[Data excerpts]
* * *
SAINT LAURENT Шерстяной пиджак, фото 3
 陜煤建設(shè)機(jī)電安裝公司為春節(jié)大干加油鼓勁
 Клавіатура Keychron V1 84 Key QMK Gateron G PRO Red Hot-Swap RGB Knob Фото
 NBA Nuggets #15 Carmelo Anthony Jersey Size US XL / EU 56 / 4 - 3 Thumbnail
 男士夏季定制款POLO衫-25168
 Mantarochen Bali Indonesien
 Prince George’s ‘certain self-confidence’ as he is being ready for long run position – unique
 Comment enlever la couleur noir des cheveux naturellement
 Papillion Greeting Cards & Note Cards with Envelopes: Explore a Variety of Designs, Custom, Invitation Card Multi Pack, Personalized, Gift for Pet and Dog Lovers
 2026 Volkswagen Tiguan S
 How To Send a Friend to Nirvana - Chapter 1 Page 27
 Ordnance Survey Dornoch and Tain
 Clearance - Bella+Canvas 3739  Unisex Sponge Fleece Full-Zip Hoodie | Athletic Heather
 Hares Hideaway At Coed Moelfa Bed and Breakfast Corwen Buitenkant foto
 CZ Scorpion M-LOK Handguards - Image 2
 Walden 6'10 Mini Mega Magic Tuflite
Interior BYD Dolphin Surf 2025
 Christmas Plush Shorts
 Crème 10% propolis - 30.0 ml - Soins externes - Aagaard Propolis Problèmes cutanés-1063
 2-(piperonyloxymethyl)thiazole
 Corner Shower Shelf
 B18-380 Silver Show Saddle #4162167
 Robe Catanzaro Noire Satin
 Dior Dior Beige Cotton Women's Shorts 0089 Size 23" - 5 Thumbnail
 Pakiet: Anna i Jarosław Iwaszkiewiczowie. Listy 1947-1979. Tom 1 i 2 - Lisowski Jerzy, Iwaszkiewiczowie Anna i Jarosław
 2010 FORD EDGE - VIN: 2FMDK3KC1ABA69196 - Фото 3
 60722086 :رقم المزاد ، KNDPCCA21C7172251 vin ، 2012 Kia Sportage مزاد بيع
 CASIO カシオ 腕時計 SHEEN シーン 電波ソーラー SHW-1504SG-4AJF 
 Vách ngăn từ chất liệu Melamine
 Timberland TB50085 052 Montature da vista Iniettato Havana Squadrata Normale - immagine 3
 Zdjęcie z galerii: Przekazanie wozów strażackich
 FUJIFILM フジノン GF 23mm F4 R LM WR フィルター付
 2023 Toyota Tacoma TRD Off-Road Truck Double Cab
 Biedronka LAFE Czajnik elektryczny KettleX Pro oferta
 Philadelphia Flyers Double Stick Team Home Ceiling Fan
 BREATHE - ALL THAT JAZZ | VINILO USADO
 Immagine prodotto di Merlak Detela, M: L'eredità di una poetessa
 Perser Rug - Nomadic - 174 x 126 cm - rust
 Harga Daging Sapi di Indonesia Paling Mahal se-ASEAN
* * *
● **What you should do**: Only one span of lines is wanted: the line with "FUJIFILM フジノン GF 23mm F4 R LM WR フィルター付" and every line after it to the end of the entries, output exactly.

● **Output below**:
 FUJIFILM フジノン GF 23mm F4 R LM WR フィルター付
 2023 Toyota Tacoma TRD Off-Road Truck Double Cab
 Biedronka LAFE Czajnik elektryczny KettleX Pro oferta
 Philadelphia Flyers Double Stick Team Home Ceiling Fan
 BREATHE - ALL THAT JAZZ | VINILO USADO
 Immagine prodotto di Merlak Detela, M: L'eredità di una poetessa
 Perser Rug - Nomadic - 174 x 126 cm - rust
 Harga Daging Sapi di Indonesia Paling Mahal se-ASEAN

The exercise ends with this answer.